I do agree with a post that said get a set of glasses that the lenses can be popped out and replaced easily - so at least you are not having to get new frames as often- but again as he grows - if he stays with the sport - you might eventually have to get bigger frames too
For your information: Your shooting glasses should be ground to where your eyes are when you have the beads lined up on your shotgun.
On a right handed shooter for example the centers are ground in the upper left of the lens, by that I mean, not clear up to the top of the lens, but upper of the center of the lens.
You have to have your gun mounted with a plano lens and then the optometrist
will put a dot on the lens at pupil center.
This is done for Maximum vision. I have this done when I get new lenses and Clarence Willis of Custom Sportswear and Optical does this when getting fitted for new lenses.
Once you have a pair made this way it is easy for him to find the center from your old lenses and transfer to new lenses.
I am near sighted and know how important it is. Also he puts the PD Pupil Distance on the Rx and most places like Walmart Eye Glass Center, Lens Crafters Etc do not do this.
My first pairof shooting glasses were made by a Trapshooter and Optometrist from Union Health Center in Dayton Ohio, watched the lenses beiing ground and fitted to my frames, they were Photo Gray's and adjusted to the light.
I picked them up at 3:00pm and went to Camp Troy gun club and shot the night shoot and Broke 50 straight and won over $4000.00 the first time I shot with them.
In glass lenses my Rx is thick and heavy, with the advent of plastic lenses it was a dramatic weight difference, no more sore nose from the eyeglass pads.
There is a limit to how much of a prescription the Decot snap-in frames will accommodate. The stronger the script the thicker the lenses will be on the edges. The clips on the frame may not bend far enough to keep the lenses secure.
You may also inquire about Tryvex lens material: half the weight and thickness of CR-39 plastic with shatter resistance equal to or better than lexan.
The lens manufacturer (lab) will make the lenses to order spec. Your favorite eye poker will measure your PD (pupil distance)in MM. Its not uncommon to have one eye different from the other in distance from the center of your nose. The lab will base where they center the correction prisms based on the clients PD. From that point, the shooting frame sets the optical centers up where a shooter needs it for looking down the rib. Offsetting the optical centers left or right can be done. But a caution, Offsetting makes the glasses uncomfortable to wear anytime other than when looking down the gun. If your one of those shooters that put his shooting frame on when they get to the range and wears them all day, you will not be looking through the prism centers when you use them for or like street use. A 2mm offset is a lot. 4 to 6mm is usually what is needed for shooters that mount a stock a bit sideways(my terminology for someone that mounts looking out of the top corner of lenses).
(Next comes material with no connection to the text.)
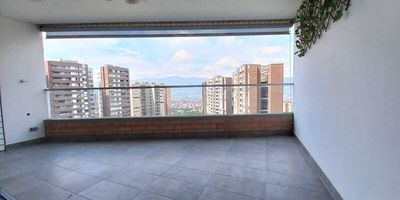 Codigo 22628. Apartamento en venta ubicado en Envigado sector Loma del ChochoCerca a: Bancolombia, Colegio Cumbres, Euro, City Plaza, La Intermedia, El Escobero y Loma del Chocho.Descripción general: 3 habitaciones, 1 vestier, 2 closet, 2.5 baños(2 con ducha y 1 con sanitario), Salon - comedor, Cocina abierta integral, Zona de ropas, Balcón, Parqueadero doble lineal, Cuarto útil, Red de gas y Servicios públicos.La unidad cuenta con Portería 24 horas, Lobbie, Parque infantil, Salón de juegos para niños, Cancha, Salón de juegos para adultos, Gimnasio, Salón social, Zona de bbq, Piscina para adultos, Piscina para niños, Sauna, Turco, Zonas verdes, Zona de mascotas y Parqueadero de visitantes.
Our eyes naturally or inherently try to see clearly all of the time. With or without a correction, including a variance in correction. To prove that just move your glasses around on your face to see the optic and its clear spot. If your not looking through the correction optic centers, your creating eye strain. The optic is the size of a dime to a nickle depending on Rx. Even plano lenses have a sweet spot based on curvature. I do offsets for shooters, but caution them. Personally, I choose to set the prism centers like street glasses and raise those by frame for shooting. Thsi to not create eye strain during the day. Have set my LOP so to be able to square up with the barrels rib, looking lower and more centered to the lenses/frames.